Mr. John B. Alley supported the bill by arguments which came from his own wide experience in business. The choice, he said, was between notes of the government and "an irredeemable bank currency, a great deal of which will be found, as it was after the war of 1812, utterly worthless."

Mr. Charles W. Walton of Maine spoke briefly but ably on the constitutional power of Congress to pass the bill. He contended that the authority to declare a legal-tender "was an implied and not a direct power;" that, admitting it to belong to the Government, it exists "without limitation." The question before the House, therefore, is "one of expediency only," and on that ground he earnestly supported the measure.

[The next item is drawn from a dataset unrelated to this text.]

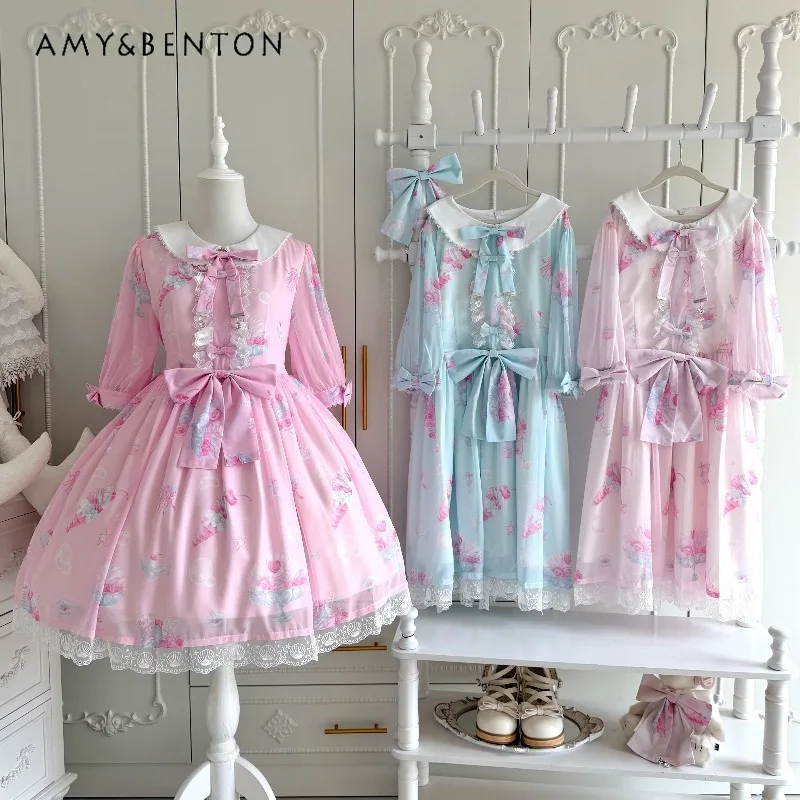 Original Lolita Style Princess Tutu Dress Cute Doll Collar Cartoon Print Bubble Sleeve High Waist Dress Birthday Party Dresses
Original Lolita Style Princess Tutu Dress Cute Doll Collar Cartoon Print Bubble Sleeve High Waist Dress Birthday Party Dresses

Mr. Shellabarger of Ohio answered the "charges of bad faith and injustice" which had been brought against the bill by its opponents. The cry of ruin to the country he compared with similar fears for England on the part of her economists, and showed how, in every case, they had been disproved by the rising power and growing wealth of that kingdom. He said the legal-tender notes would be "borne up by all the faith and all the property of the people, and they will have all the value which that faith untarnished and that property inestimable can given them."

Mr. John Hickman of Pennsylvania, having no doubt as to the power of Congress to pass the bill, supported it as a governmental necessity.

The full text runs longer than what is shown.